[Exercise description] Return exactly the run of lines that begins at the line containing "MG MGB GT &" and ends at the last line of the material below; pictures stay out.
------
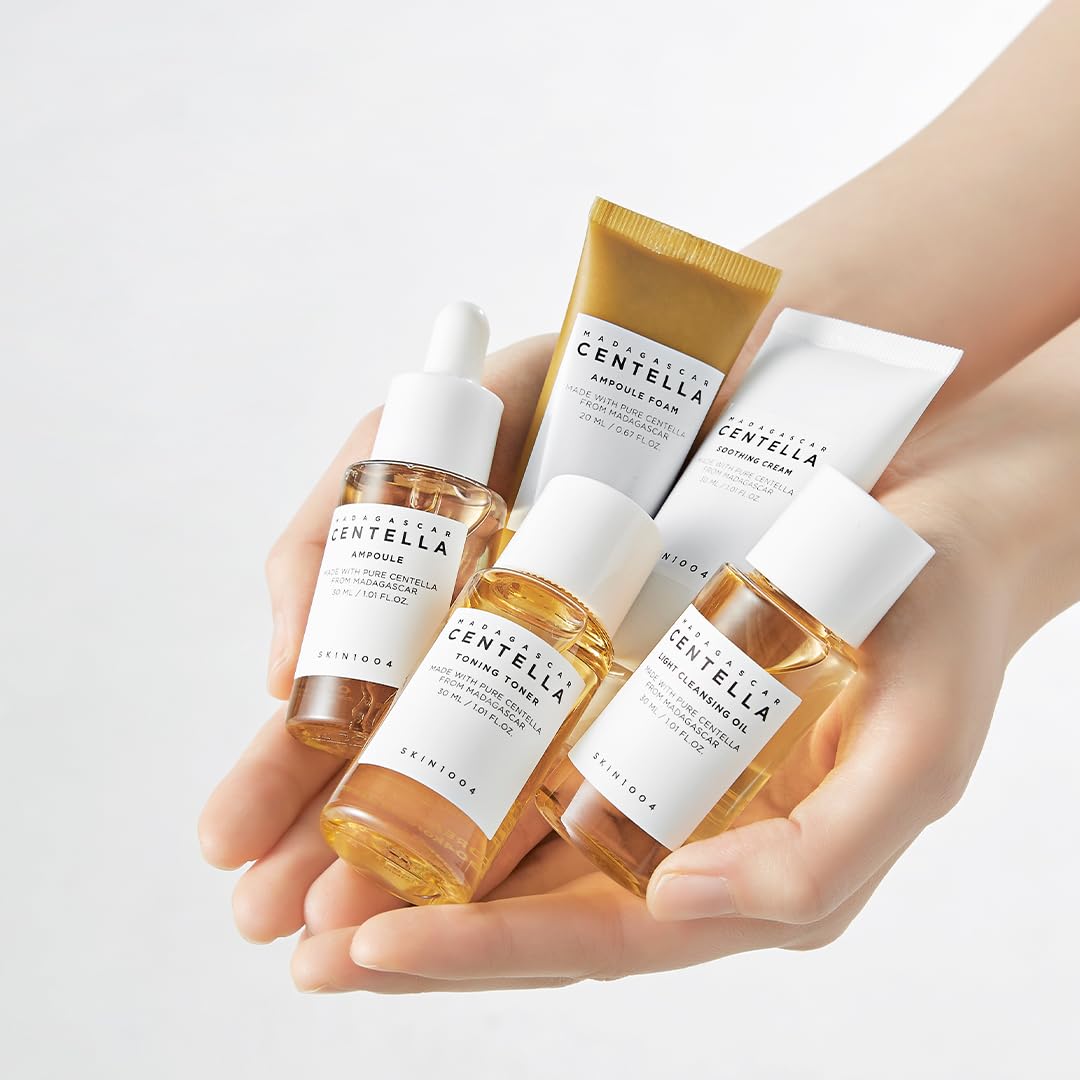 Zermet 1 Zermet 1 Madagascar Centella Travel Kit, Toner, Ampoule, Soothing Cream, Cleansing Oil, Ampoule Foam, Basic Skincare Box, Compact Size, Gift Sets, Mothers Day Gifts for Mom Gifts for Women, Trial Kit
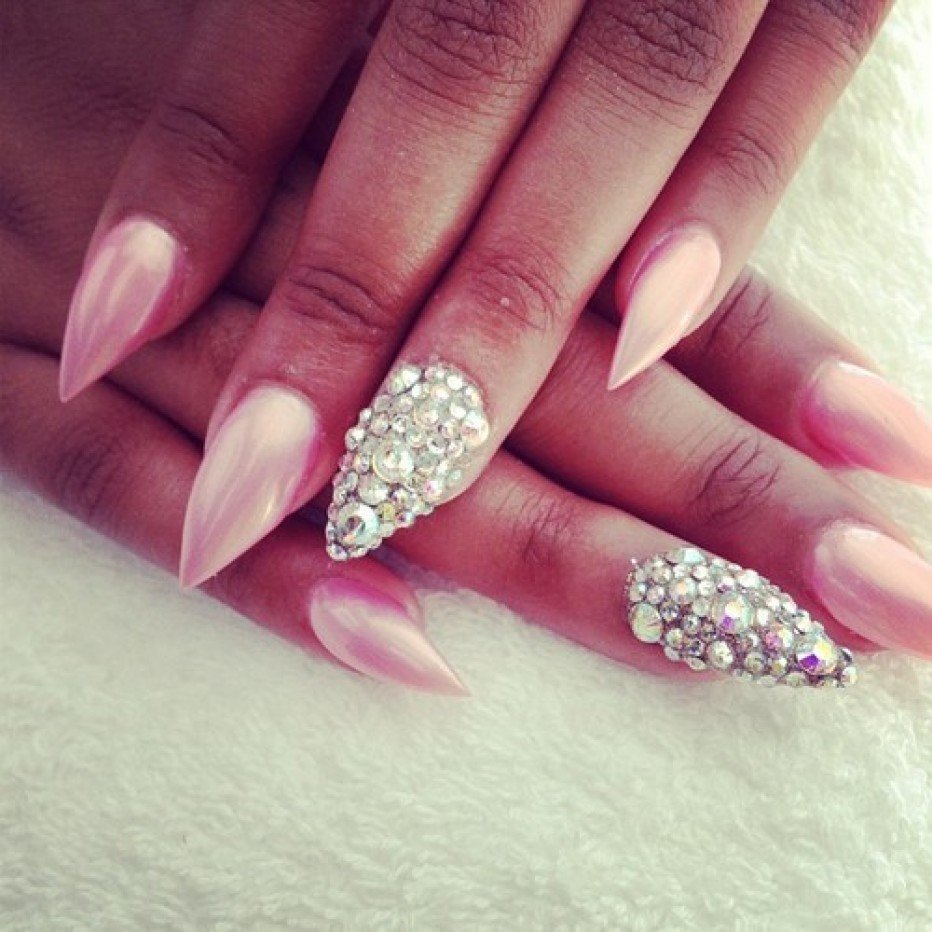 Pink decorated gemstone nails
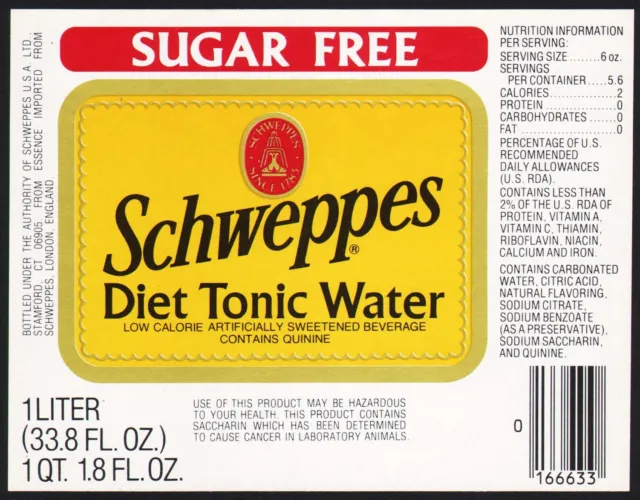 Vintage soda pop bottle label SCHWEPPES TONIC WATER 1 Liter Stamford CT n-mint+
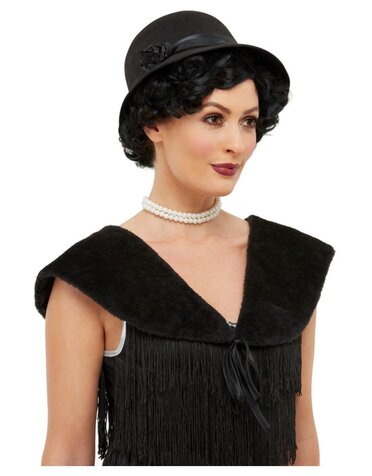 1920s instant kit  zwarte hoed en zwart nep bontje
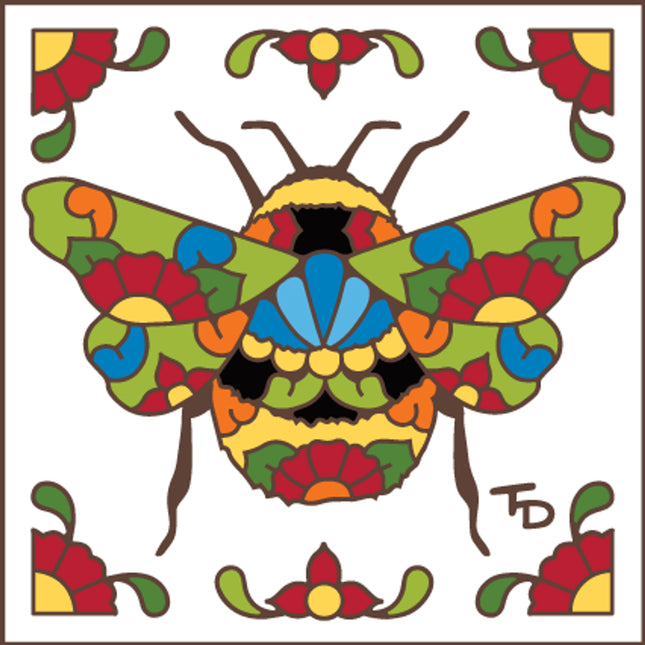 Talavera Bee  - Southwest Ceramic Tile Art Sign - Hand glazed tile kitchen trivet | Nature Art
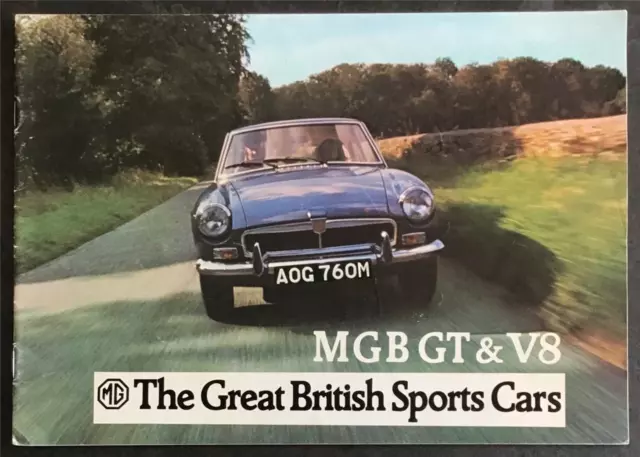 MG MGB GT & V8 Sports Car Sales Brochure 1974 #2962/B M Reg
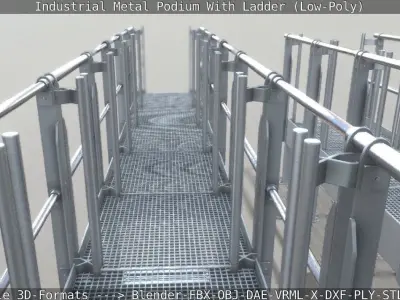 Industrial Metal Podium With Ladder Low-Poly Low-poly 3D model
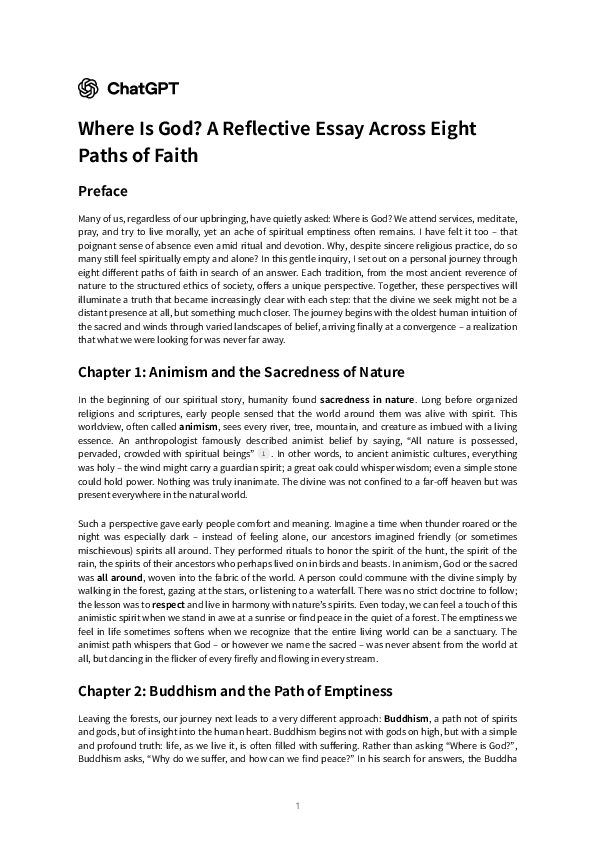 (PDF) Where Is God? A Reflective Essay Across Eight Paths of Faith Preface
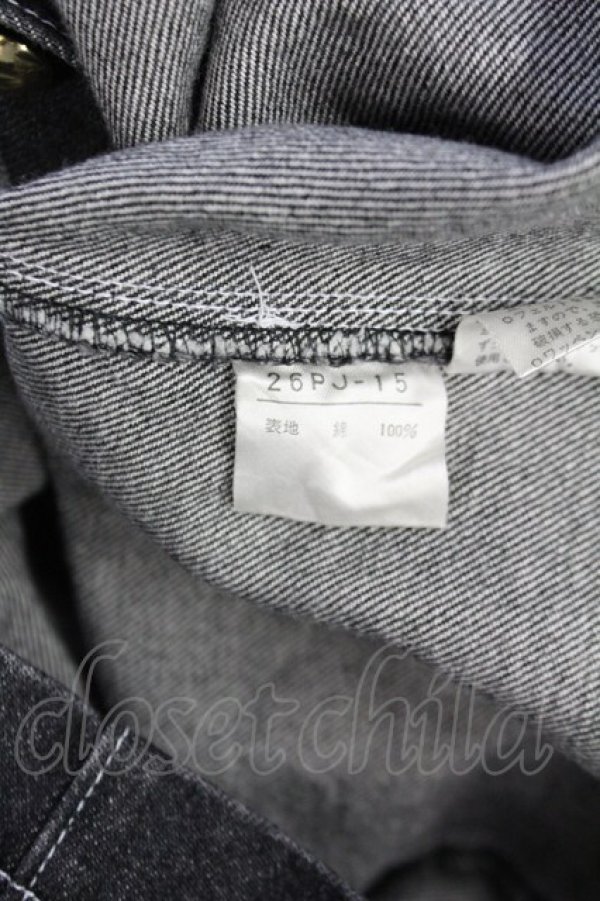 画像8: PINK HOUSE / ノーカラーデニムジャケット  ブラック T-25-06-16-003-LO-JA-SA-ZT268 (8)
------
[Written solution]
 MG MGB GT & V8 Sports Car Sales Brochure 1974 #2962/B M Reg
 Industrial Metal Podium With Ladder Low-Poly Low-poly 3D model
 (PDF) Where Is God? A Reflective Essay Across Eight Paths of Faith Preface
 画像8: PINK HOUSE / ノーカラーデニムジャケット  ブラック T-25-06-16-003-LO-JA-SA-ZT268 (8)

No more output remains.